Groupon Eliminating 500 Jobs, Mostly In Illinois
Groupon begins a wave of layoffs, reports the Sun-Times. About fifteen percent of the workforce will be let go. A spokesman “could not specify how many will be at the e-commerce company’s Chicago base, 600 West Chicago, where it already is making office space available on a sublease. With remote work common… Illinois-based positions could include workers living in another state… ‘Our cost structure and our performance are not aligned. In order to position Groupon to successfully execute our turnaround plan, we have to lower our cost structure,’ CEO Kedar Deshpande said in a message to employees.

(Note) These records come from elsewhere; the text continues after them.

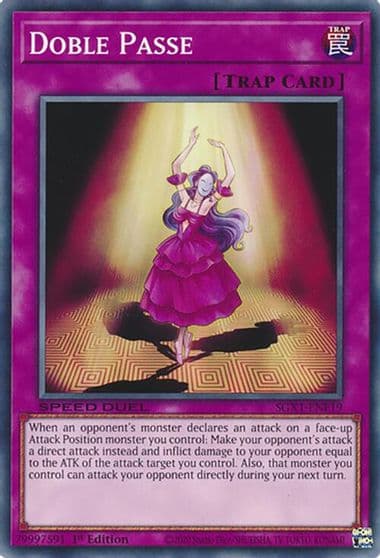 Doble Passe Speed Duel GX: Duel Academy Box Yu-Gi-Oh! card
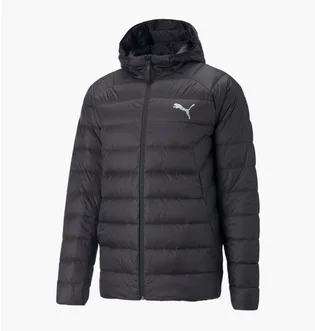 Куртка чоловіча Puma Packlite Hooded Down S Black 849355-01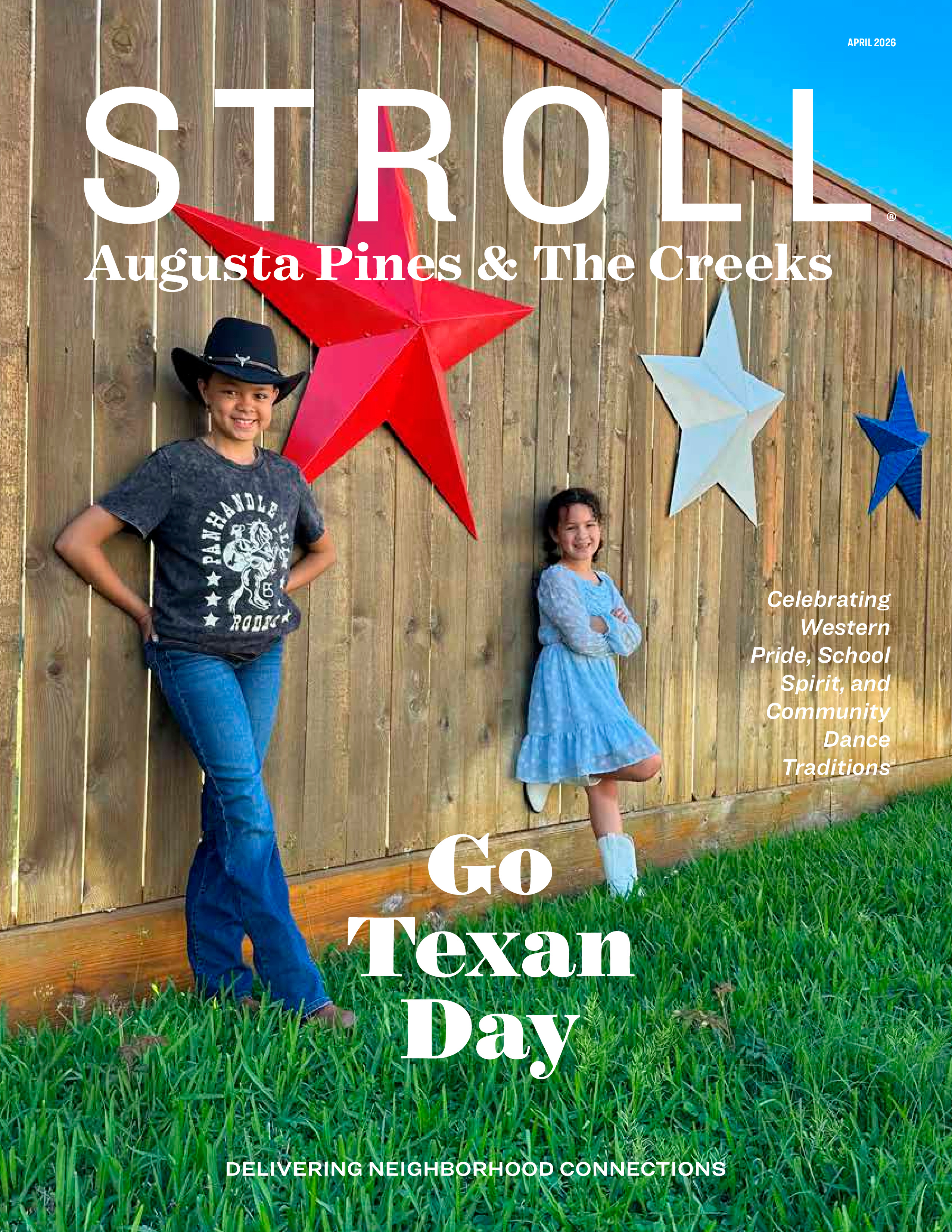 Stroll Augusta Pines & The Creeks 2026-04-01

The message was posted as the daily deals provider announced a widening loss during its second quarter amid a precipitous loss of revenue.” Adds the Trib, “Once the face of Chicago’s tech startup scene, Groupon has been in decline for much of the past decade… Departing employees were notified Monday, with some asked to stay on for a period of time to assist with the transition, according to the letter. Where possible, they will be given the option to keep their laptops, avail themselves of outplacement services and submit their information to a Groupon talent list to be posted on LinkedIn.”

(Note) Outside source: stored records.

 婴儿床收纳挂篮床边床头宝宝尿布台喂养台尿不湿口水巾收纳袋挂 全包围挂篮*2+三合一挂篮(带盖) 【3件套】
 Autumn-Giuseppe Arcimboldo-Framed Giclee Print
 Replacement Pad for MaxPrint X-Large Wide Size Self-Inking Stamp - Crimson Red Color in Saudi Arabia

Police Chief: “Really Focused” On Rooftops On Bud Billiken Parade
“In light of the massacre at Highland Park’s Independence Day parade, Chicago Police Superintendent David Brown announced that city officials are ‘really focused’ on rooftops along the route of Saturday’s Bud Billiken Parade through the South Side,” reports the Sun-Times. “Brown said city officials have been involved in planning the parade since March and have since ramped up discussions about ‘various aspects of security,’ including the police resources dedicated to the parade. The police department is specifically interested in rooftops and ‘other high-ground areas in relation to that lesson learned from Highland Park.'”
NASCAR Gets Great Deal
“Documents obtained by Crain’s through Freedom of Information Act requests shed light on the pacts between City Hall and organizers of NASCAR and Lollapalooza. Some of the details are eye-popping… New details show NASCAR will have access to the site for longer than previously stated and the race could be extended beyond the three years announced by Lightfoot in July.” The contract, gotten under that FOIA request says that “NASCAR will pay the Chicago Park District $550,000 in 2023 and 2024 for exclusive use of much of Grant Park and $605,000 in 2025.” The event “will include two races each weekend and a fan festival that is likely to include concerts. The contract grants NASCAR access to the Petrillo Band Shell on Wednesday through Sunday of race week. Unlike the park district’s deal with Lollapalooza organizers, C3 Presents, the city is not getting a cut of any sponsorships related to the NASCAR event or a broadcast deal… The NASCAR contract doesn’t specify what repairs NASCAR will have to pay for at the conclusion of the event, but the company will lay down a $50,000 security deposit and officials from both parties will tour the site before and after the event with a third-party contractor… The company will be provided a ‘staging window’ of twenty-one days prior and ten days after the event to two areas of the event map marked as the ‘Pit Road Paddock,'” part of a VIP offering.